You can ping using either a hostname, domain name, or IP address. For example, from a command line, type “ping google.com.” The response is shown below.
Alternatively, you could just ping the IP address of a device on the network. In the example below I’m pinging my computers default gateway.
So, what do all these result mean? Well, if we go through the first example where I pinged google.com, the results are below.
Pinging google.com [22.214.171.124] – Ping can only communicate with the IP address of the device, so the first thing it needs to do in the example above is do a DNS lookup on google.com. If this lookup were to fail you have either typed the domain name incorrectly or DNS is failing for some reason.
Reply from 126.96.36.199 – This tells you that the remote server or device on that IP address replied. It also verifies that all the equipment (routers & switches) between your device and the remote host also worked. If this failed, i.e. timed out, then this could indicate that a device between the two is broken, the remote server is down or does not exist, or the remote device is configured not to reply to pings.

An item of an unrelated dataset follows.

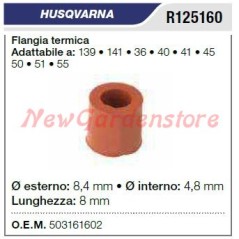 Flangia termica aspirazione HUSQVARNA motosega 139 141 36 40 41 45 R125160 | Newgardenstore.eu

Time=29ms – This is the round trip time, between sending a packet and receiving a response. The time can vary depending on the location of the remote server or device along with the number of routers and switches between you and the remote device.
Sent = 4, Received = 4, Lost = 0 – Ping sends multiple packets to the destination host, the default amount sent is 4. Ping reports on the success and failure rate of all packets sent.
Approximate round trip times – Ideally the same type of packet sent to the same destination should take around the same amount of time, however this is not always the case and depending on the number of devices and location of the remote server, some packets take longer than others. Ping reports these statistics.
Ping has a number of options or switches available, type ping /? at the command line for a full list of options. A couple I use on a regular basis are the –a & -t options.
Ping –a This option resolves the IP address to hostname. In the example below I have pinging 10.10.10.11 using the –a option, which queries DNS and returns the host name of LIV-MEM-SRV1. This is a really powerful option because it checks that DNS is working correctly along with all the usual connectivity checks of a normal ping.
Ping –t This is one of the most useful options available. Ping the specified host or IP address until stopped. I often start a ping with this option before doing work on a remote server. If I have to reboot the server, this ping will give me accurate feedback on the state of the server, when its shut down, when its back on line. Use control C to terminate.
So that’s the Ping command and how to use it, along with analysis of the results it reports.